> _Task brief_
Below are some records. Return exactly the lines from the one with "Silit milchtopf edelstahl" to the one with "Catálogo Supermayorista Vital Página 2", and nothing else.

> _Excerpted data_
==*==

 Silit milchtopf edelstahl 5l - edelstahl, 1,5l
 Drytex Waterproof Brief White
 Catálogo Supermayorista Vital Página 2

==*==

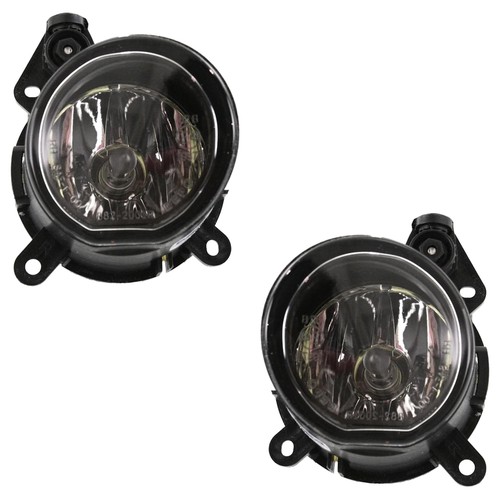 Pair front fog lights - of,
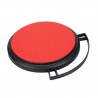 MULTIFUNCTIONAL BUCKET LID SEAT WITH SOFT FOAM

==*==

> _Exercise response_
 Silit milchtopf edelstahl 5l - edelstahl, 1,5l
 Drytex Waterproof Brief White
 Catálogo Supermayorista Vital Página 2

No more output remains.